TERRAFORMA EXO and the New Politics of Public Rituals

Words by Diego Putto

EXO, the latest format from Terraforma, seems to pose exactly this question—without necessarily offering a definitive answer. From the protected nature of Villa Arconati—a liminal, dreamlike, isolated space—the event has shifted into the living heart of the city, inside its parks, its flows, its cultural institutions. A radical transformation, yes, but not necessarily a renunciation. Rather, an experiment.

For the second year in a row, Milan hosted this constellation of performances, concerts, and sound installations in symbolic venues like Parco Sempione, Torre Branca, Triennale, and Teatro Principe. It’s no longer just a festival, but a kind of urban dramaturgy, in which musical gestures intertwine with civic rhythms in real time. And it’s precisely in this friction—between public openness and a desire for community—that EXO’s strength, and its fragility, lies.
In a key text for understanding the political force of the dancing body, The Coming Community by Giorgio Agamben, we read that “the festival is not meant to produce, but to suspend production.” It’s a collective exception, a shared pause that interrupts the time of utility. But what happens when that pause becomes part of a city’s cultural programming—among sponsorships, grants, and museum partnerships?
EXO doesn’t avoid this question—it makes it its operative ground. On the one hand, it embraces being part of the urban cultural machine; on the other, it works to stretch its limits, to push its thresholds, to experiment with hybrid forms. The result is a composite environment: a festival that doesn’t pretend to be marginal, but also doesn’t fully submit to the institutional narrative of inclusion. Instead, it inhabits ambiguity.

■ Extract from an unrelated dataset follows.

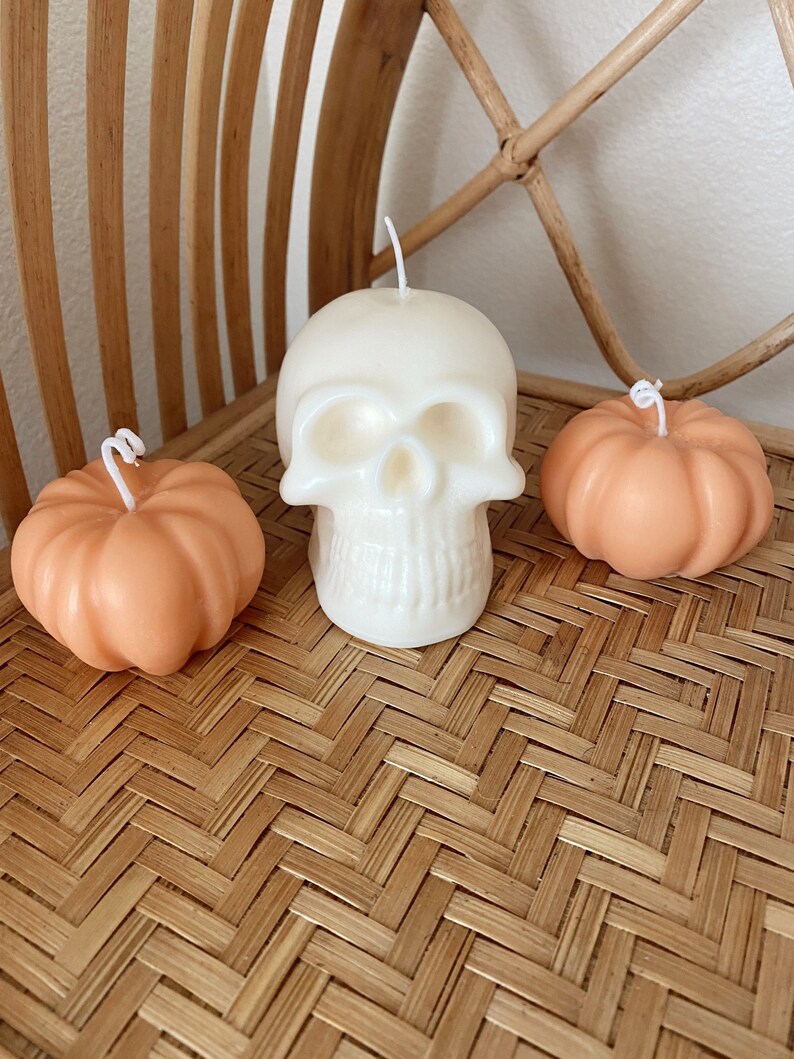 May include: Three Halloween-themed candles: a white skull candle and two orange pumpkin candles. The candles are arranged on a woven wicker surface.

Among the most emblematic experiences of this edition was FAVN by Florian Hecker, co-curated by Unsound Festival and staged in the Palazzina Appiani—a neoclassical building once designed as a theatre of imperial power for Napoleon. Hecker turns the space into a zone of perceptual distortion. More than a concert, it’s a sensorial deconstruction—where listening becomes uncertain, even hallucinatory.
At the other extreme, atop the Gio Ponti-designed Torre Branca, Lorenzo Senni transforms the city skyline into a massive emotional surface. His endless mix of build-ups—mostly extracted from trance music and stripped of their climaxes—conjures a state of continuous suspension, a longing without resolution. An aesthetic of delay, perhaps also of desire.

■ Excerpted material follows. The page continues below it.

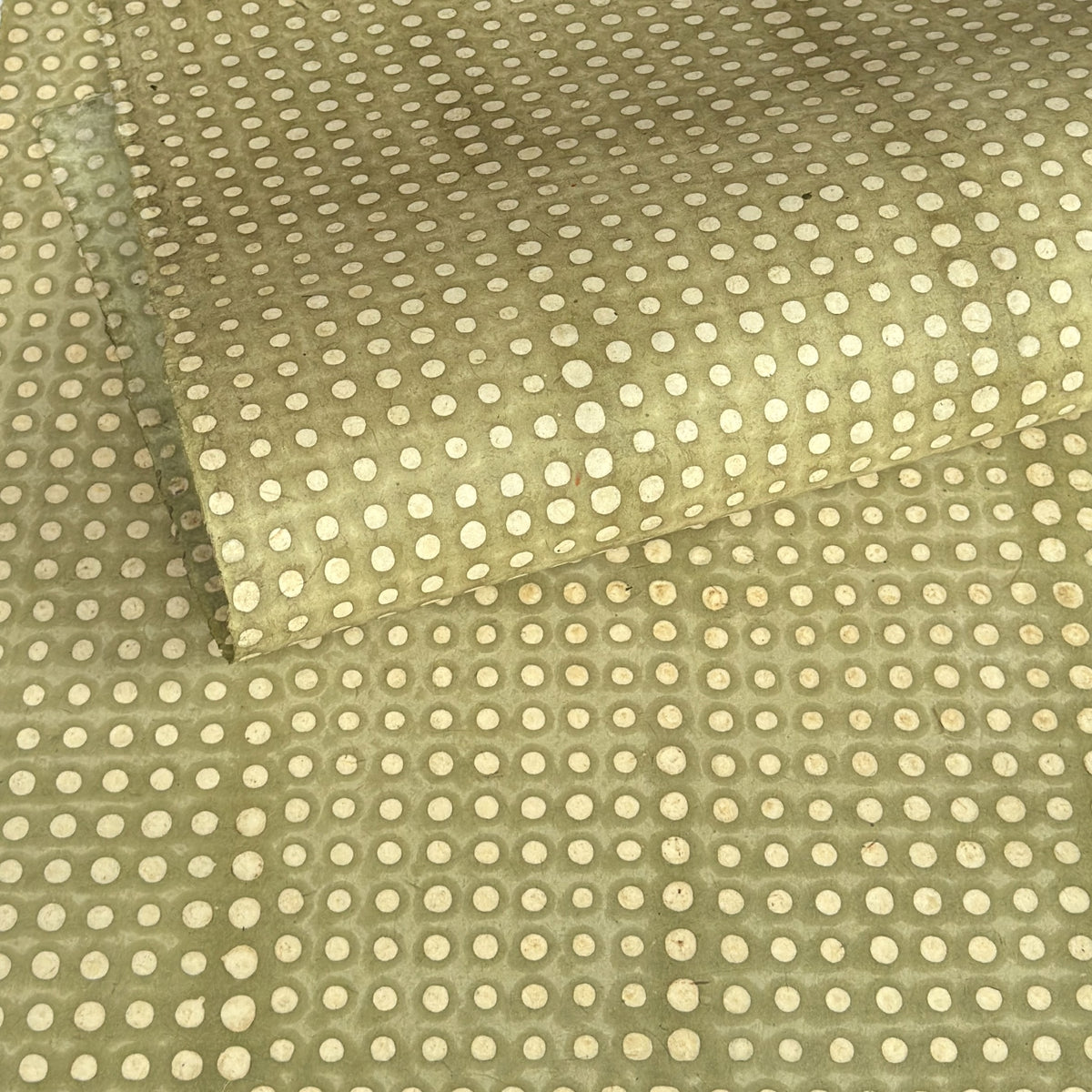 a sheet of Nepalese batik lokta paper in sage green with a repeat white dot design. Pictured gently rolled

One of the most powerful moments came with The Drum and the Bird, a project by Bill Kouligas in collaboration with Forensis, a research agency investigating forms of state and corporate violence. The piece focused on the colonial genocide carried out by Germany in Namibia—over 65,000 Herero and Nama were killed between 1904 and 1907. The performance didn’t aim to illustrate or moralize, but to create an auditory rupture, a living archive that made historical trauma resonate in the present.
Likewise, The Talk—a speculative audio-visual lecture staged in the Triennale Gardens during Milan’s Pride parade—used spoken word, ambient textures, and glitchy visuals to question the construction of narrative and perception. Here, the party becomes a problem of language. Or better: a place where language itself begins to disobey.

EXO doesn’t operate through neat oppositions—public/private, inside/outside, center/periphery—but through gradients, overlaps, contact zones. Its form adapts to complex environments without abandoning the critical question of what it means to exist as a festival today. It’s a celebration that knows it’s being watched, regulated, and yet tries to maintain a certain instability. It doesn’t explode—it vibrates.
At Teatro Principe, HiTech removed the barriers between the DJ booth and the crowd, reopening the symbolic and physical space of the dancefloor. In that simple act, there was something deeply political—not a nostalgic retreat into some lost underground, but a bold, present-tense affirmation: we’re here.
And maybe that’s the most radical gesture today: to keep dancing, inside the world, with all its contradictions.